A person in business attire is holding a clipboard, scratching his head, and looking at a document that says form 1099; to the left of him, two other people are looking at a computer screen that says tax records and wondering if these are included in background check reports.

A common question posed by potential employees and rental applicants is, “Does a background check include tax records?” The unfortunate truth is yes, background checks may report some types of tax records even though the IRS doesn’t report tax matters in most cases.

So before consenting to a background check, it’s important to know whether or not certain tax records like tax history, returns, bankruptcies, levies, and liens show up on your background check report and one of the best ways to do so is run a tax background check.

Do All Types of Background Checks Show Tax Records?

In many cases, background checks will not necessarily show tax records but it depends on the type of background check and the type of tax record. It should be noted that the IRS is not permitted by law to release information about an individual’s tax matters; however, whenever there is a sanction, this information becomes public on certain background checks.
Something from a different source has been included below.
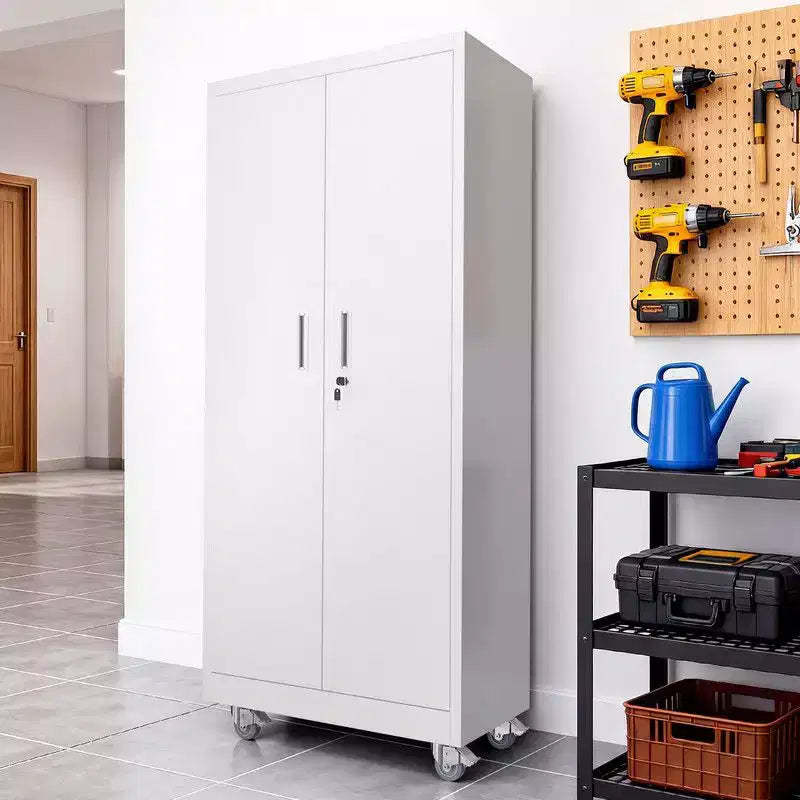 70.8'' White Tool Storage Cabinet With Wheels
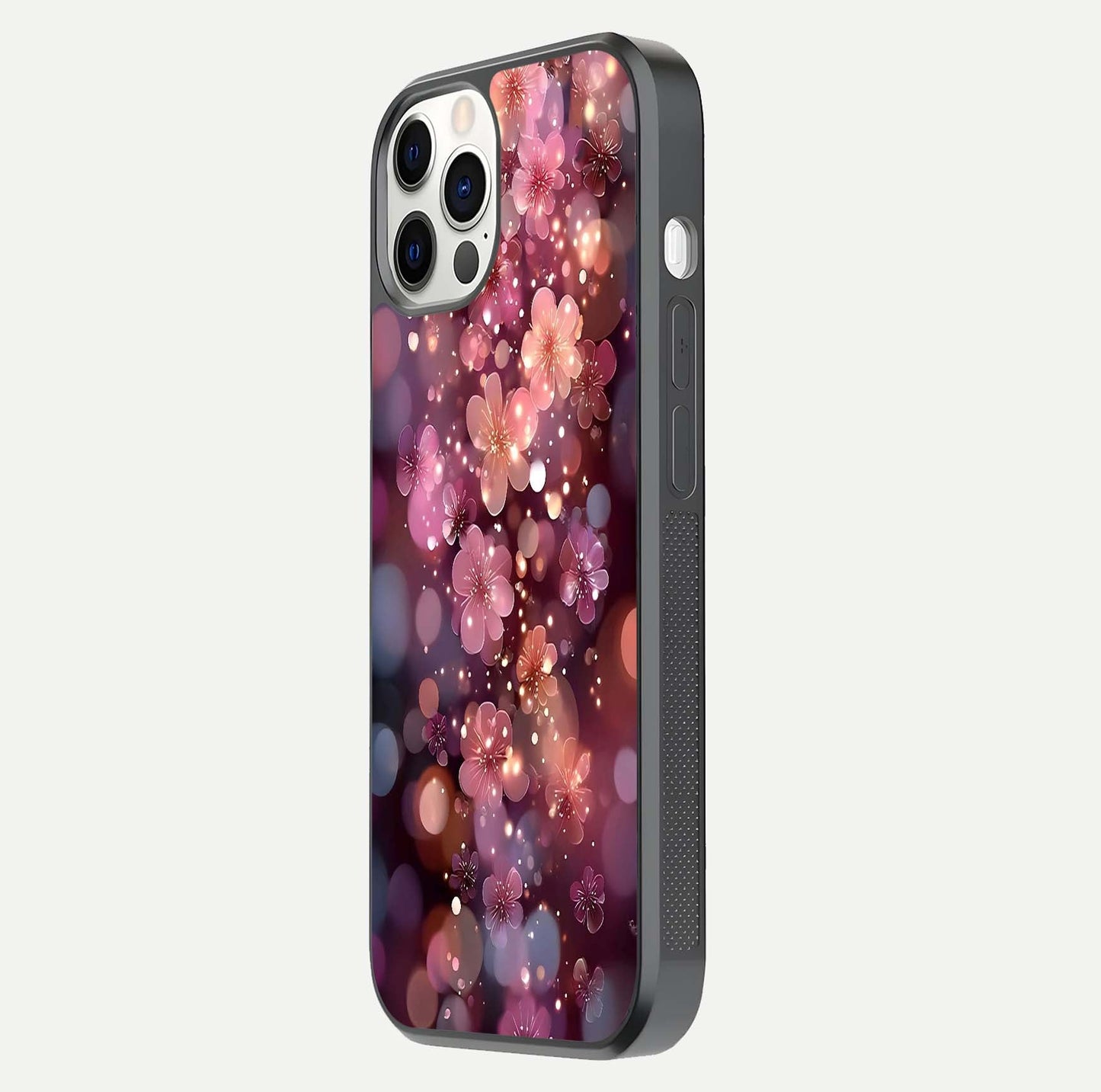 Glowing Petal Bliss Glass Case for iPhone 12 Pro side-angle image showing light reflection and soft floral texture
The different types of background checks may potentially show tax records and are briefly outlined in the sections below.

Does a Background Check Include Tax Records?

Criminal background checks typically display the subject’s interactions with law enforcement pertaining to details such as arrests, convictions, misdemeanors, incarcerations, and sometimes even arrests that do not lead to convictions.

Criminal background checks may potentially show an individual’s tax report and will largely depend on the salary of the potential position. If the wage is less than $75000 annually, then information related to government sanctions (tax liens as an example), civil judgments, etc., will not appear. If the salary is more than $75000, then it would show.

Civil Background Checks

Civil court background checks are checks on an individual’s noncriminal history. These checks are meant to gauge an individual’s competence, character, and decision-making skills critical in a financial or management position.

They, therefore, report on information such as liens, bankruptcy, civil judgments, lawsuits, breaches of contract, etc. As such, tax records will appear on civil background checks which assist employers to hire qualified candidates and make informed decisions during the hiring process.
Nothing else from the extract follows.